=== Begin Enclosure ===

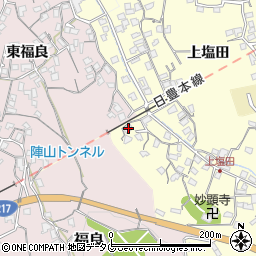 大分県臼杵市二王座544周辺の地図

=== End Enclosure ===
=== Begin Enclosure ===

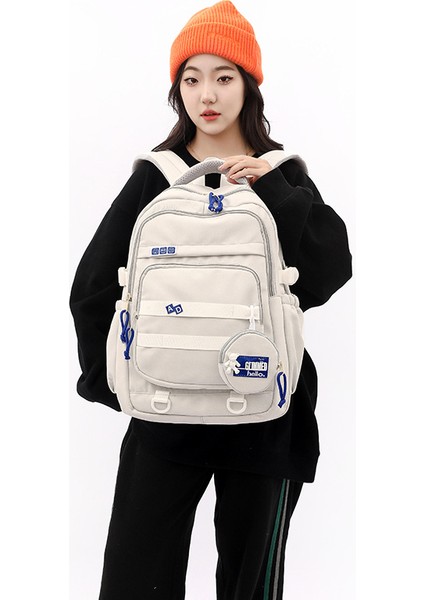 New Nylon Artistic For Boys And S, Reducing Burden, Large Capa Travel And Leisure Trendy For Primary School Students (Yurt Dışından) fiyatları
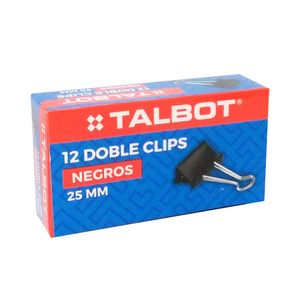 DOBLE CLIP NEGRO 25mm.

=== End Enclosure ===
=== Begin Enclosure ===

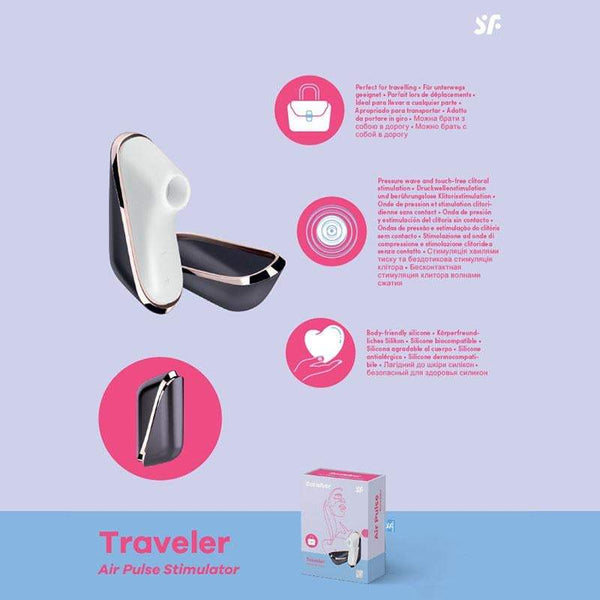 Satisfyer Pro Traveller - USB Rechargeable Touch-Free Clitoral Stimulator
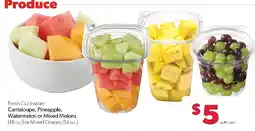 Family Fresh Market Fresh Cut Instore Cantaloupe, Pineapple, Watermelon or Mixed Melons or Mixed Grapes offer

=== End Enclosure ===

Write out again exactly the lines above from the one with "New Nylon Artistic" through the one with "DOBLE CLIP NEGRO 25mm.", adding no other lines and no pictures.

## RESULT BELOW
 New Nylon Artistic For Boys And S, Reducing Burden, Large Capa Travel And Leisure Trendy For Primary School Students (Yurt Dışından) fiyatları
 DOBLE CLIP NEGRO 25mm.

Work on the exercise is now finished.